= 1973 South Glamorgan County Council election =

1973 Welsh local government election

The 1973 South Glamorgan County Council election was the first election to South Glamorgan County Council and was held in April 1973. It was followed by the 1977 election.

==Candidates==
Conservative and Labour candidates contested the vast majority of seats. In contrast there were relatively few Liberal and Plaid Cymru candidates. In Cardiff, many members of the previous County Borough Council sought election to both the new South Glamorgan authority and the new Cardiff City Council (where the elections were held a few weeks later).

==Outcome==
Glamorgan was the only county to be divided as a result of local government re-organization in England and Wales from 1 April 1974. Previous proposals proposed by the Labour Party had envisaged a division into two new counties, East and West. However, the Conservatives favoured the creation of South Glamorgan given that they entertained hopes of winning control.

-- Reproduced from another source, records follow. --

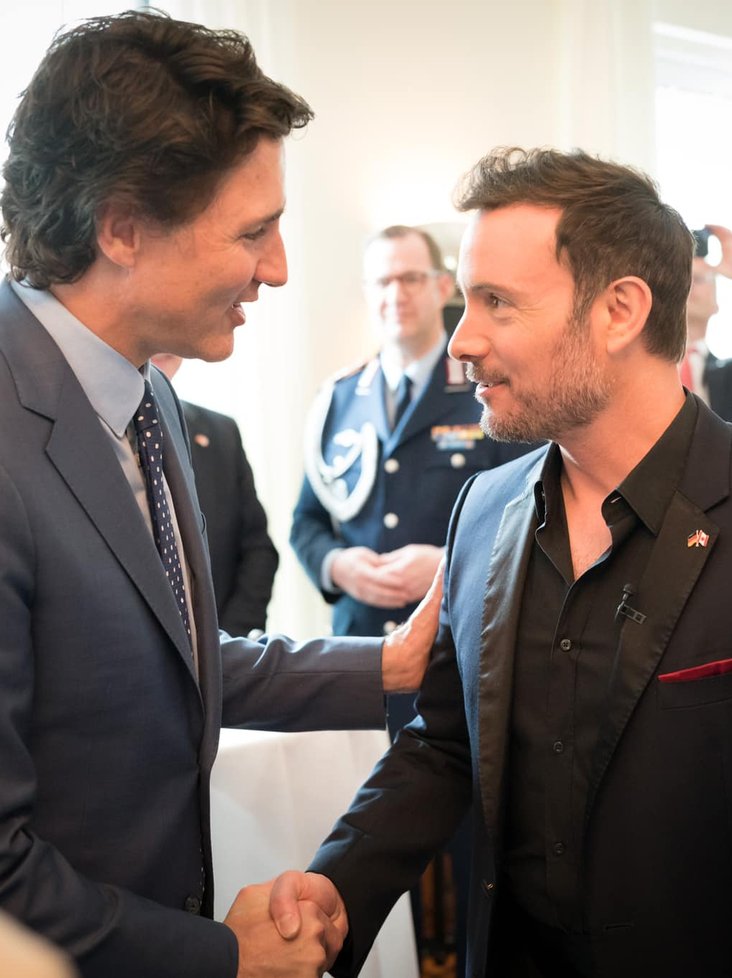 Eric Gauthier, künstlerischer Leiter von Gauthier Dance//Dance Company Theaterhaus Stuttgart schüttelt dem kanadischen Premierminister Justin Trudeau die Hand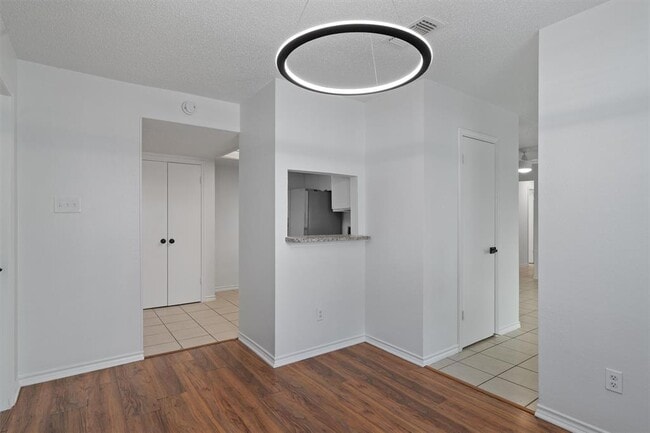 Building Photo - 2602 Alcott Ln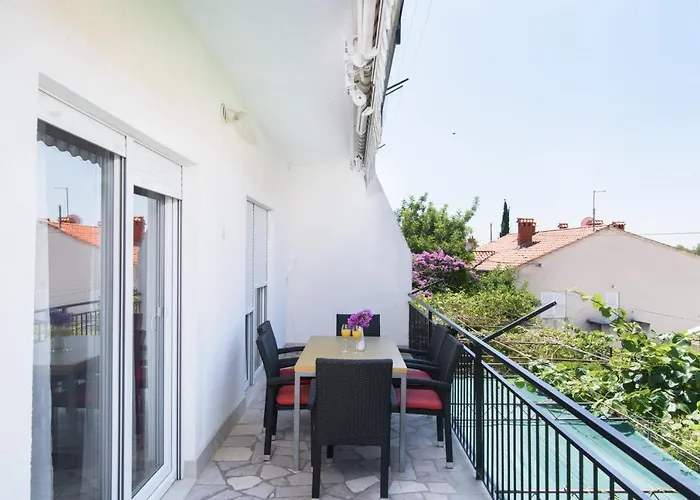 A3-90m2 W Shared Pool & Balcony Next To Apartament *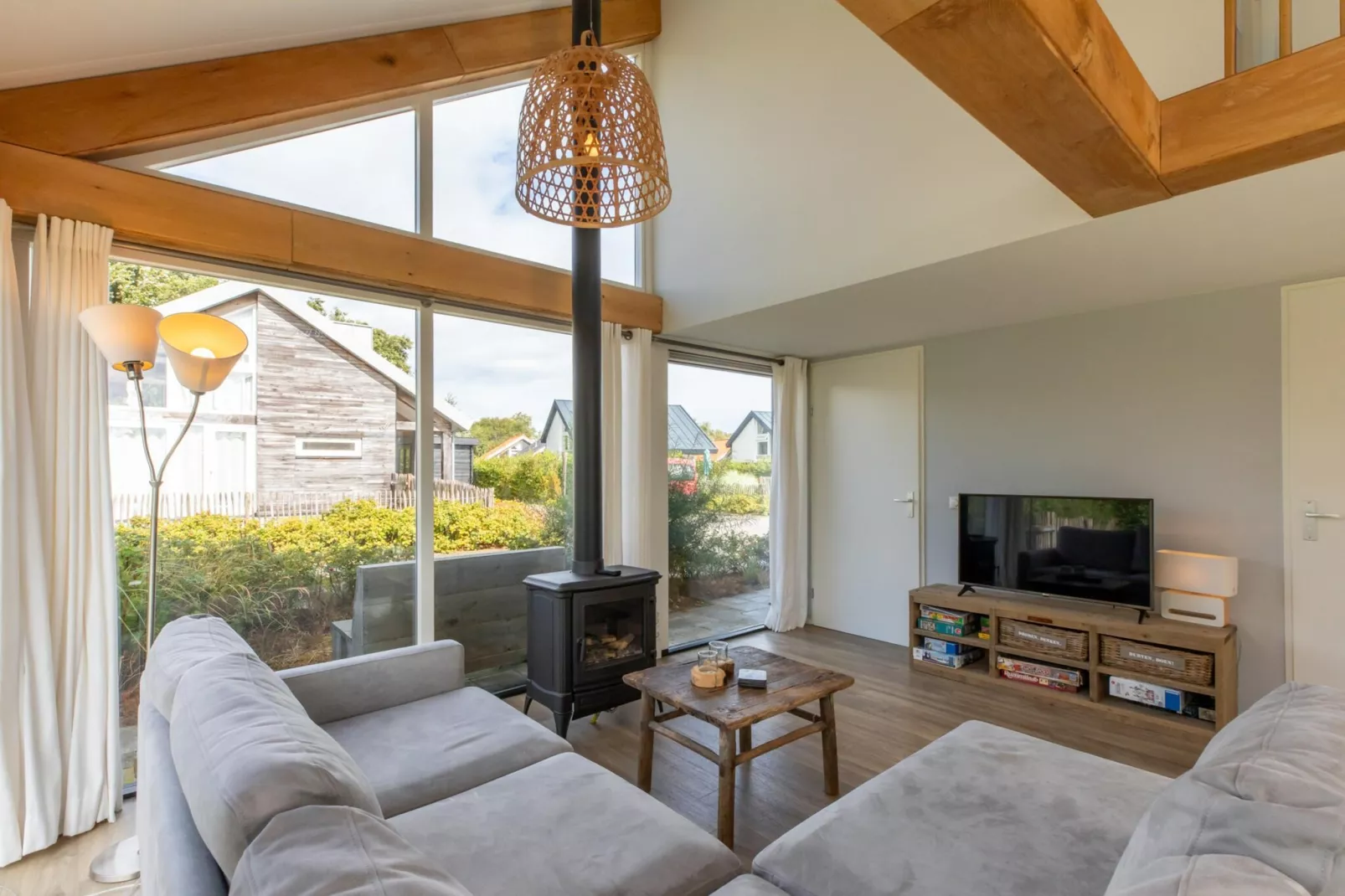 Zonnedorp Kavel 10 Renesse | Villa near the Beach & with Spacious Garden-Living room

The first elections were in May 1973 and councillors would act in a shadow capacity for the next 11 months, setting up the various functions, until the new council came into effect. Labour won a small majority (though subsequently allocated themselves 15 of the 20 seats on the steering committee), largely as a result of winning most of the seats in Cardiff and also in the port of Barry.

==Results==
This section summarises the detailed results which are noted in the following sections. This was the inaugural county election and therefore no comparison can be made with the previous elections.

This table summarises the result of the elections in all wards. 80 councillors were elected.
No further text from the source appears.